* _Collection entries_:
Segment Open

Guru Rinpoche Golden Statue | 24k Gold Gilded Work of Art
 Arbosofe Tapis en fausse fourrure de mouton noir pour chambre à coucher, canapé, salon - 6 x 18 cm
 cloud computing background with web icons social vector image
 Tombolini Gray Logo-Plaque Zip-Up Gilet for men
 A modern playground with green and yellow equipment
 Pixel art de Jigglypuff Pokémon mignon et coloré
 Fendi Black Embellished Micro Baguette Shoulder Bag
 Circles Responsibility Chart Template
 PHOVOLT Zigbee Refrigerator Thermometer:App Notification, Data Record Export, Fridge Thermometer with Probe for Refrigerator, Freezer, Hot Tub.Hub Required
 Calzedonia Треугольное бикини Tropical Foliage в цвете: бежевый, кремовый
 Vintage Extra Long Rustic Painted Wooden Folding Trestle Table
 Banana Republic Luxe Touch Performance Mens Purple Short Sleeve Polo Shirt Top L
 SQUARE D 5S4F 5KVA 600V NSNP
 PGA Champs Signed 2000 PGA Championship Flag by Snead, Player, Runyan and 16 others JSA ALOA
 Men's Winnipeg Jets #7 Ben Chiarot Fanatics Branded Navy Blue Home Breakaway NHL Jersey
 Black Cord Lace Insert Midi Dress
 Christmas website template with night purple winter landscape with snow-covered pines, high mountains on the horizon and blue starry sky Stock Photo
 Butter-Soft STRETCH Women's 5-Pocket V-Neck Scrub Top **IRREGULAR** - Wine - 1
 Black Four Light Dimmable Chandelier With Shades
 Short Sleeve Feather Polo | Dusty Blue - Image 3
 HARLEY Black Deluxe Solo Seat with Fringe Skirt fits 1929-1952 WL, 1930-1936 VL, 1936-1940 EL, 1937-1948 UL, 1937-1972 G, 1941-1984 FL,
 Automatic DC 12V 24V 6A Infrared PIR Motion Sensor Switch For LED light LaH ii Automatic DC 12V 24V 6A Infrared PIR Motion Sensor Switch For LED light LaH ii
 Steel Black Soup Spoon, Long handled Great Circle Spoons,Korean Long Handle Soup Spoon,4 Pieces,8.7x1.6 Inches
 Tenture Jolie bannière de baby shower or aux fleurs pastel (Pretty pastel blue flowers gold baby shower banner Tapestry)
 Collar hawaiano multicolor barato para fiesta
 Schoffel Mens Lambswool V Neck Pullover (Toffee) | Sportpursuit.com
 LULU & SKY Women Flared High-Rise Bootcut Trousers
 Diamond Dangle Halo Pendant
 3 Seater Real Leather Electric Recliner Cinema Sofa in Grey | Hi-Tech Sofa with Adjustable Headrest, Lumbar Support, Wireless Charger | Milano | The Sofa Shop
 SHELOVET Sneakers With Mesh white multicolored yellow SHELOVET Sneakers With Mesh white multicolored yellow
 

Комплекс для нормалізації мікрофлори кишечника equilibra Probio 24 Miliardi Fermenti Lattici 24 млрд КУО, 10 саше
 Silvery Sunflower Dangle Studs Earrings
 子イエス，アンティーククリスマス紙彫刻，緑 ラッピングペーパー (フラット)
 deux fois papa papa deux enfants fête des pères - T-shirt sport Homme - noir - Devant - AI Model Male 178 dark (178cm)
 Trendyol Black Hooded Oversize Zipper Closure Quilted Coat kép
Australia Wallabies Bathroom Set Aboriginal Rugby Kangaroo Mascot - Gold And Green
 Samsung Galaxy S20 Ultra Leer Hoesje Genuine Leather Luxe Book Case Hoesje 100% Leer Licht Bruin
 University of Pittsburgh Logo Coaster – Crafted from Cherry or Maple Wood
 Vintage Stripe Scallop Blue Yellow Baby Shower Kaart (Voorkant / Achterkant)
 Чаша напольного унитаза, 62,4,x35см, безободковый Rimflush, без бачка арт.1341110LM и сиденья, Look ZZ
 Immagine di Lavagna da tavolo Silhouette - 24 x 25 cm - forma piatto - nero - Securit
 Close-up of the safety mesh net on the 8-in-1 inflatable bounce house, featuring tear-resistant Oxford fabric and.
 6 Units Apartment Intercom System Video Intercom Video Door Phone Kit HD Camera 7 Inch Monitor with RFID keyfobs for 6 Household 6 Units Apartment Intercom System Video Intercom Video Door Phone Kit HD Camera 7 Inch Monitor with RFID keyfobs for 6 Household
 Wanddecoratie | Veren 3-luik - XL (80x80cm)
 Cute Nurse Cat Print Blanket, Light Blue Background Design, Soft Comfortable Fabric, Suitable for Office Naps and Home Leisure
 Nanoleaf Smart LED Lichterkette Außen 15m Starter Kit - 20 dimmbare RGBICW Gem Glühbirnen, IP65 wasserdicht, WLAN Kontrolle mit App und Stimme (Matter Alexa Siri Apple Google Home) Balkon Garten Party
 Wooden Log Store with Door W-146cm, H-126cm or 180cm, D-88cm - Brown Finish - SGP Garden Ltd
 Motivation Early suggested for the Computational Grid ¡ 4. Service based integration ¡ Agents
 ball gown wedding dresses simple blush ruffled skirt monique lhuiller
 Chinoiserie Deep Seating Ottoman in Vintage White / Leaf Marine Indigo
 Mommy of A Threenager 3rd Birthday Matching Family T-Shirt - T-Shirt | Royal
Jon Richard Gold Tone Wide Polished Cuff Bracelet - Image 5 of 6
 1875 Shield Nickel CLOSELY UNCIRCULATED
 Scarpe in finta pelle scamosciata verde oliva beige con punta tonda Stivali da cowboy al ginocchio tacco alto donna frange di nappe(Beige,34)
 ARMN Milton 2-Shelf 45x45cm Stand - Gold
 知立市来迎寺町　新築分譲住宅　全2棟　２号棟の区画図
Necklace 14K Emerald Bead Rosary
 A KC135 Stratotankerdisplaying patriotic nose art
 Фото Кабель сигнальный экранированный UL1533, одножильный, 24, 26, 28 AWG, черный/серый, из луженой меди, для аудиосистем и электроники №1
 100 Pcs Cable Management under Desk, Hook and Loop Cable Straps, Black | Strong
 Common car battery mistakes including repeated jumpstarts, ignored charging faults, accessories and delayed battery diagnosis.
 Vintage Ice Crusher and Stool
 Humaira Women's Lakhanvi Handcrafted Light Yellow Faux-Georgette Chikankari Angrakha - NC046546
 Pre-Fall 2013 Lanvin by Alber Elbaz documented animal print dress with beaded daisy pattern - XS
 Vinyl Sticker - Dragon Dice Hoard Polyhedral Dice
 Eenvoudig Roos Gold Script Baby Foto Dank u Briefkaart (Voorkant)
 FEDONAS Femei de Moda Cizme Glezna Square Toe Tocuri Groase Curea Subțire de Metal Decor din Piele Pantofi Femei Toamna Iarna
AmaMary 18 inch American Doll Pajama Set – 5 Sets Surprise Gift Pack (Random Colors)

Segment Closed

* _GOAL OF THE EXERCISE_:
Between the first line of the entries above and the line with "PGA Champs Signed", both included, copy every line exactly and nothing outside that range.

* _OUTPUT FOR THIS TASK_:
Guru Rinpoche Golden Statue | 24k Gold Gilded Work of Art
 Arbosofe Tapis en fausse fourrure de mouton noir pour chambre à coucher, canapé, salon - 6 x 18 cm
 cloud computing background with web icons social vector image
 Tombolini Gray Logo-Plaque Zip-Up Gilet for men
 A modern playground with green and yellow equipment
 Pixel art de Jigglypuff Pokémon mignon et coloré
 Fendi Black Embellished Micro Baguette Shoulder Bag
 Circles Responsibility Chart Template
 PHOVOLT Zigbee Refrigerator Thermometer:App Notification, Data Record Export, Fridge Thermometer with Probe for Refrigerator, Freezer, Hot Tub.Hub Required
 Calzedonia Треугольное бикини Tropical Foliage в цвете: бежевый, кремовый
 Vintage Extra Long Rustic Painted Wooden Folding Trestle Table
 Banana Republic Luxe Touch Performance Mens Purple Short Sleeve Polo Shirt Top L
 SQUARE D 5S4F 5KVA 600V NSNP
 PGA Champs Signed 2000 PGA Championship Flag by Snead, Player, Runyan and 16 others JSA ALOA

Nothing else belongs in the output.